IRC Section 4972 generally imposes an excise tax when the business makes a nondeductible contribution. Section 4972(c)(4) specifies that for purposes of Section 4972, contributions made to satisfy the minimum required contribution are treated as allowable as a deduction under Section 404. Note this does not mean the contribution in excess of earned income is deductible; it simply means the minimum required contribution is not subject to the 10% excise tax. If only the minimum required contribution is made, there is no excise tax due and thus no need to file a Form 5330. If the contribution is greater than the minimum required contribution, the excise tax would only be due on the portion that exceeds the minimum. Note that Schedule A of the Form 5330 does not contain a line item for the Section 4972(c)(4) exemption as it does for the Section 4972(c)(6) and (c)(7) exceptions. Presumably, the portion representing the minimum required contribution would be included with the line item representing the amount allowable as a deduction under Section 404 when completing the Schedule A.

The question arises as to whether contributions exceeding the earned income limit can be carried forward to be deducted in future years. The debate centers around whether contributions in excess of earned income can be considered deductible under IRC Section 162. Section 162 limits deductions to ordinary and necessary business expenses.
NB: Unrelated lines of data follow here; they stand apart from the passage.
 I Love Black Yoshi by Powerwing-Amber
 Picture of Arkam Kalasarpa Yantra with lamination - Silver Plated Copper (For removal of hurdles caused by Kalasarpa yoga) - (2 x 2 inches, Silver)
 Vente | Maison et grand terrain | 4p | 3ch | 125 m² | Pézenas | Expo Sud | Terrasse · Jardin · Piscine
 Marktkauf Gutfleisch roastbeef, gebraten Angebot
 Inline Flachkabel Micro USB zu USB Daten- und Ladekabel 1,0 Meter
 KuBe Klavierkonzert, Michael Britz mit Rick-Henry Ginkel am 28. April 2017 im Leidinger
Under Section 404(a)(8)(C), plan contributions not exceeding earned income are considered to satisfy the conditions of Section 162. The question is whether contributions that exceeded the earned income limit could satisfy the conditions of Section 162 in a subsequent year. Some argue that the excess contributions would never be deductible, while others argue that the carryover provisions of Section 404(a) are broad enough to accommodate full carryover, or at the very least, carryover of the minimum required contribution. 
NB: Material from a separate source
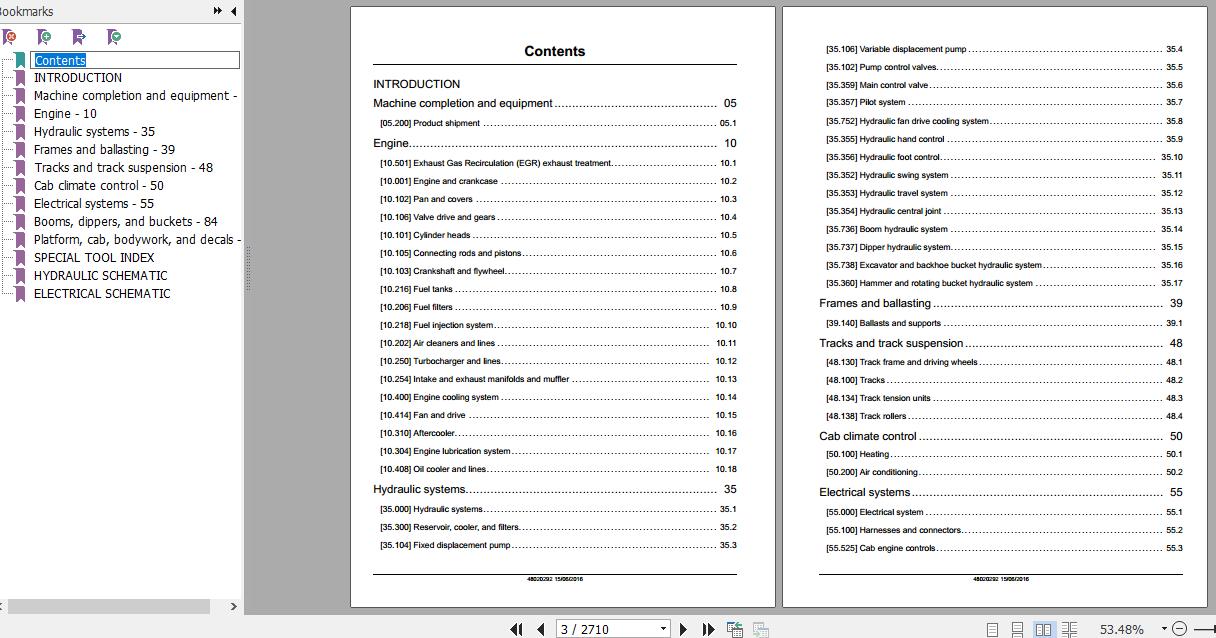 Case Crawler Excavator CX800B Service Manual 2 1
Ultimately, it is up to the CPA to determine what portion is eligible for carryover since the CPA determines deductibility under Section 162. Note that if more than the minimum required contribution were contributed and the CPA took the harsher stance that none of the contribution exceeding the earned income limit could be carried forward and deducted, no excise tax would be due if utilizing a Section 4972(c)(7) election, but the plan would continue to carry the non-deductible contribution each year until the plan terminated (and would need to file Form 5330s every year if using the Form 5330 to document the Section 4972(c)(7) election). Perhaps this could be used as an argument against the no carryover stance, but also note that an IRS employee took the no carryover allowed stance at the Enrolled Actuaries Conference in 1999 (see 1999 “Gray Book” question 13. Note that the “Gray Book” is not law, it simply gives insight into how an individual IRS representative views a situation). 
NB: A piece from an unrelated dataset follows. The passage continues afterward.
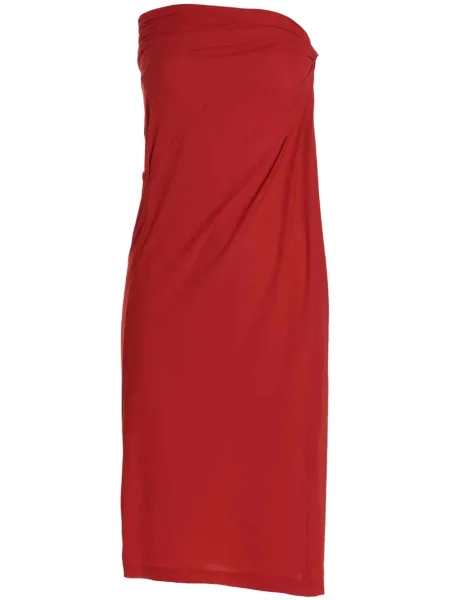 Fustă midi Atlein drapată până la genunchi roșu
Situations involving earned income limit violations can be very messy, but can often be avoided by advising the plan sponsor to wait until after year-end and after net self-employment income has been calculated to make contributions. For DB plans, using end-of-year valuation dates and formulas that incorporate current year benefit compensation can also be helpful.

Tiffany Myers, FSA, EA, MSEA, is Manager, Actuarial Services, FuturePlan.